### PROBLEM REQUIREMENTS
Exactly as they appear, retype the lines from the one containing "CNG608 12*20mm –" through the final line of the data below. Leave pictures out.

### PROVIDED MATERIAL
+ + + + +
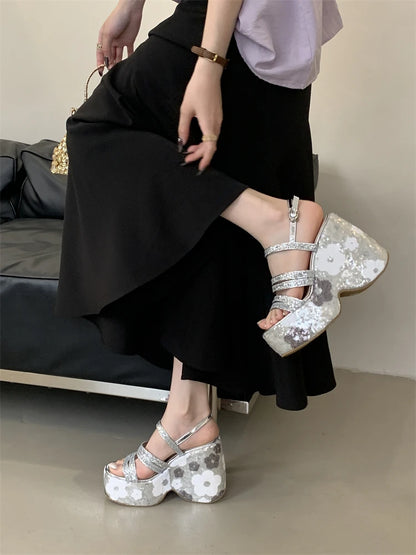 Eilyken CRYSTAL Diamonds Sequin Cloth Buckle Strap Platform Wedges Women Sandals Street Style High Heels Summer Shoes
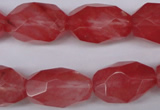 CNG608 12*20mm – 14*24mm faceted nuggets cherry quartz beads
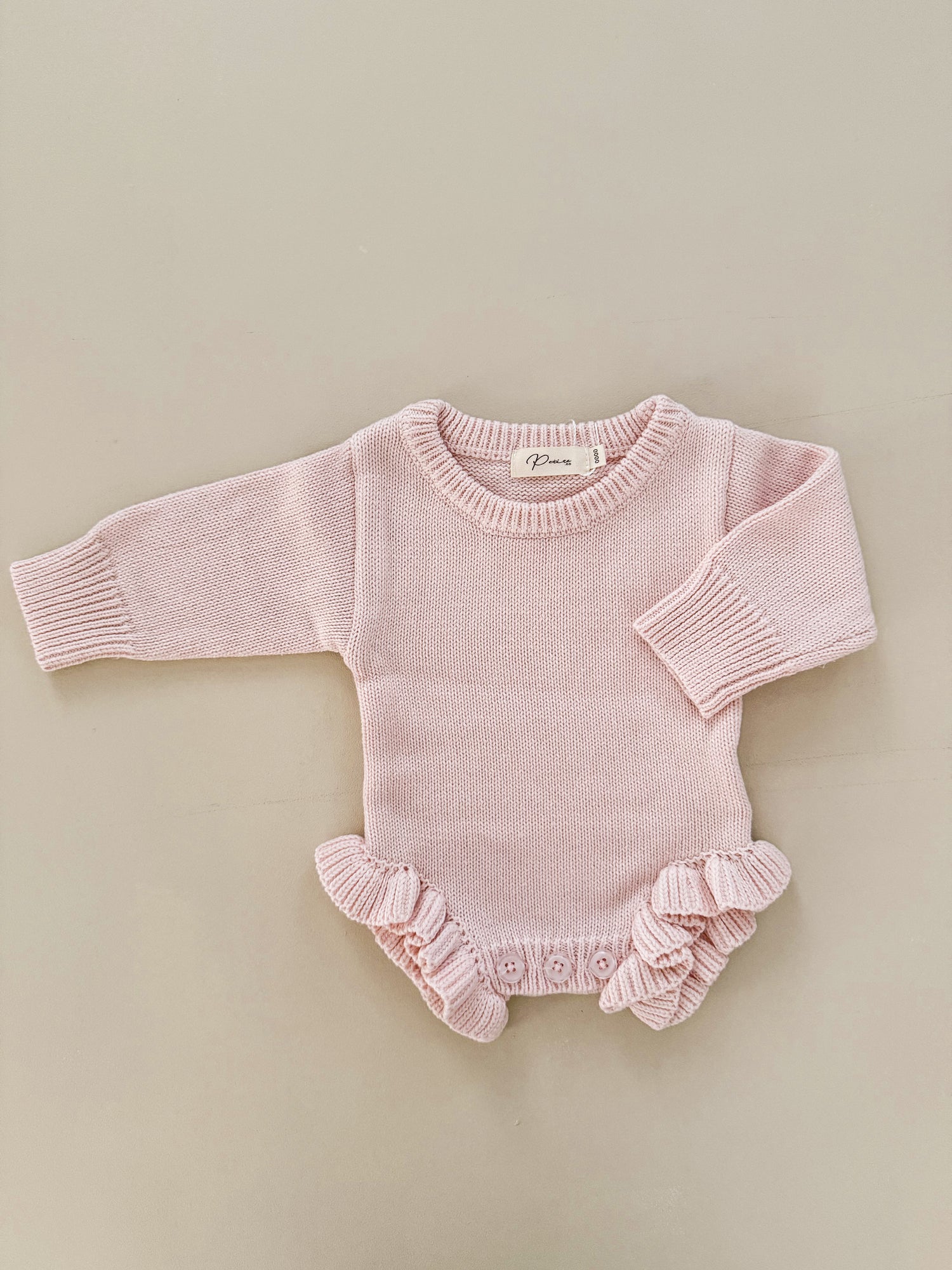 CLASSIC BIRTH ANNOUNCEMENT FRILL ROMPER - BABY PINK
+ + + + +
### REPLY
 CNG608 12*20mm – 14*24mm faceted nuggets cherry quartz beads
 CLASSIC BIRTH ANNOUNCEMENT FRILL ROMPER - BABY PINK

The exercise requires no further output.